I am a perfectionist and I must be crazy

   I must have thought for a moment that my life isn't crazy enough when I fell for the idea of raising chickens. We don't want a dog, or a cat, or any pets for that matter, but for some reason we, or maybe I, wanted chickens. We have bees, why not chickens. After taking care of our friends' flock for a week and seeing that really there isn't a ton to do, we decided to go for it. What was I thinking?
  I don't know what I was thinking and we don't even have the birds yet. Our plan was to get the coop built in time for the county fair and buy some there. Well, it didn't get built in time. Three days before the fair ended I went bonkers and thought I could finish it all. Oh man, that was two weeks ago. I have spent HOURS working on this thing. I designed it, came up with a plan, a list, and multiple headaches. And it still isn't done. So often this last week I have told myself "its strong enough" (even though I didn't frame it the right way) "it's a chicken coop, it doesn't have to be perfect" (perfectionist me says that it's not good enough, not exactly right, done the right way, it's not totally plumb, the list goes on) but no matter how often I think that it doesn't really matter, it does to me. And to top it all off, I found last night the plans (with a few slight differences) for a coop just like mine. Had I found that 2 months ago, this coop would have been done so long ago. Oh the injustice of it all. This is one of my big struggles in life, my weakness rearing its ugly head. I have to be right, do it right, I can't be wrong, about anything. That's the one thing I remember my 5th grade teacher telling me "December you don't always have to be right." But I do, it's wired in me to be right and to churn and stew and worry and get in a tizzy if I am not right, or I did it wrong, even if it really doesn't matter.

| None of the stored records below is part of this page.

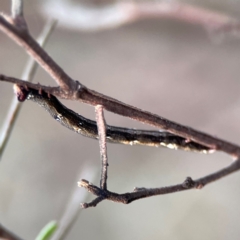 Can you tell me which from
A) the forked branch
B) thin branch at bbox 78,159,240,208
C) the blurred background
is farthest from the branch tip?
the blurred background

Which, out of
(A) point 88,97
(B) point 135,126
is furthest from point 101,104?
(B) point 135,126

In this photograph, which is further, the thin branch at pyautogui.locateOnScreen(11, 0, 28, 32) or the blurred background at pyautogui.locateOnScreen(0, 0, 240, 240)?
the blurred background at pyautogui.locateOnScreen(0, 0, 240, 240)

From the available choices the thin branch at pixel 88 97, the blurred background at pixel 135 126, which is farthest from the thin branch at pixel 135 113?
the blurred background at pixel 135 126

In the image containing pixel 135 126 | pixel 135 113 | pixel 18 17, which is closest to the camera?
pixel 18 17

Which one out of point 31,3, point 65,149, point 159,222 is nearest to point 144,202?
point 159,222

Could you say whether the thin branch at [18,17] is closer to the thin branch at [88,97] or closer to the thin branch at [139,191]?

  I hope I love these darn chickens when we get them or all I will think is I spent how many hours and how much money for this disaster. I just want it all to be done and over and then enjoy those darn birds. I don't want to constantly be thinking about how much each of those little eggs is really costing. And how much cheaper it is just to buy those stinking eggs. Oh I hope ours don't stink.
  What did I get us into?? What if we want to go on vacation? Now we have pets, oh the joy of no longer being free. I am complaining, sorry. But then again we go on vacation one time a year. or at least for the last few years that has been the case. we don't go anywhere so why am I worried about it. It'll be good. The coop won't fall apart, it won't rot to the ground, it cost a little more than taking a woodworking class and I got a coop. And I don't have 20 years woodworking or construction experience, how can I think that I will do it perfectly? Especially when I find the perfect plans three weeks into building it. Even the color is wrong, too light, see... focusing on the negative. I've got to stop doing that.